• **RECORDED INFORMATION**:
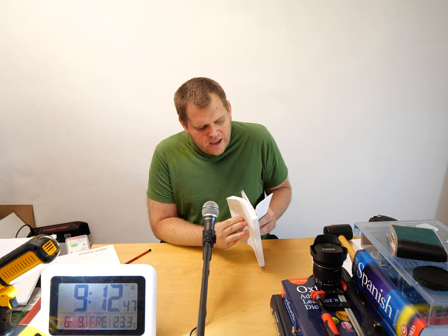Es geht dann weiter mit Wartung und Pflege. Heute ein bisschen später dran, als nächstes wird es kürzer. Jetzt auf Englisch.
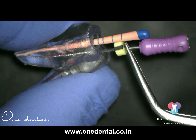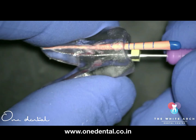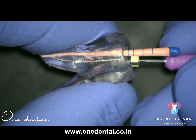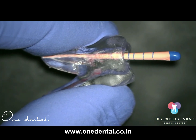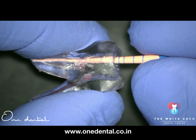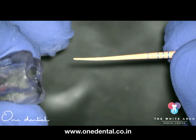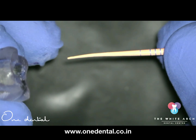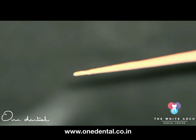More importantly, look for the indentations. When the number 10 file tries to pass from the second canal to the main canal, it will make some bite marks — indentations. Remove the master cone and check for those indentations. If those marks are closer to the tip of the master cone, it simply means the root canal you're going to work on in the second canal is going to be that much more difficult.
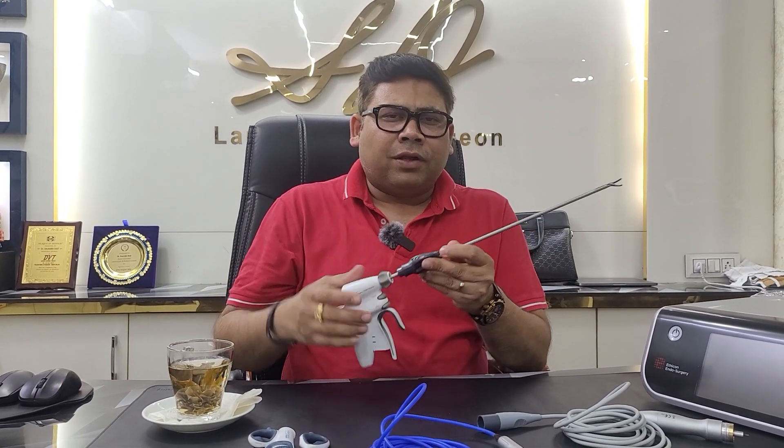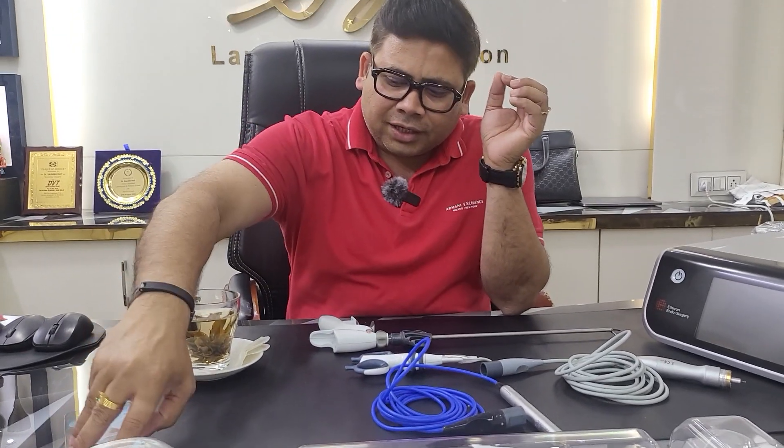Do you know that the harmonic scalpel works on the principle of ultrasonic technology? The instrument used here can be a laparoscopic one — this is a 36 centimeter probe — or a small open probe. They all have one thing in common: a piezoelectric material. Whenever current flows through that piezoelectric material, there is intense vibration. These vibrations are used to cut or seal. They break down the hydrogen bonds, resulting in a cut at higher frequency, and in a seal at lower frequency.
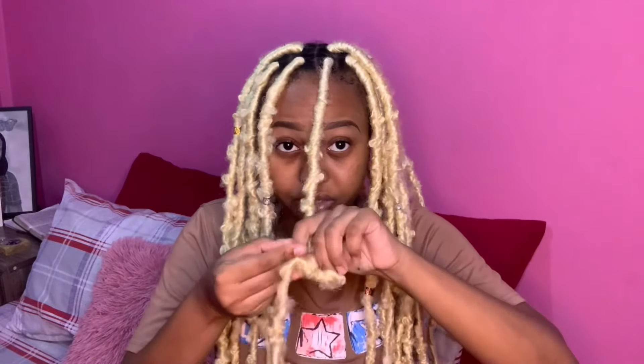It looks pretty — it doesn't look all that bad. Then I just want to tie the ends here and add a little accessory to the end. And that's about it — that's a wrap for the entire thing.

• **WHAT THE TASK REQUIRES**: Omit every picture, then reproduce the rest of the listing exactly.

• **WRITTEN SOLUTION**:
Es geht dann weiter mit Wartung und Pflege. Heute ein bisschen später dran, als nächstes wird es kürzer. Jetzt auf Englisch.
More importantly, look for the indentations. When the number 10 file tries to pass from the second canal to the main canal, it will make some bite marks — indentations. Remove the master cone and check for those indentations. If those marks are closer to the tip of the master cone, it simply means the root canal you're going to work on in the second canal is going to be that much more difficult.
Do you know that the harmonic scalpel works on the principle of ultrasonic technology? The instrument used here can be a laparoscopic one — this is a 36 centimeter probe — or a small open probe. They all have one thing in common: a piezoelectric material. Whenever current flows through that piezoelectric material, there is intense vibration. These vibrations are used to cut or seal. They break down the hydrogen bonds, resulting in a cut at higher frequency, and in a seal at lower frequency.
It looks pretty — it doesn't look all that bad. Then I just want to tie the ends here and add a little accessory to the end. And that's about it — that's a wrap for the entire thing.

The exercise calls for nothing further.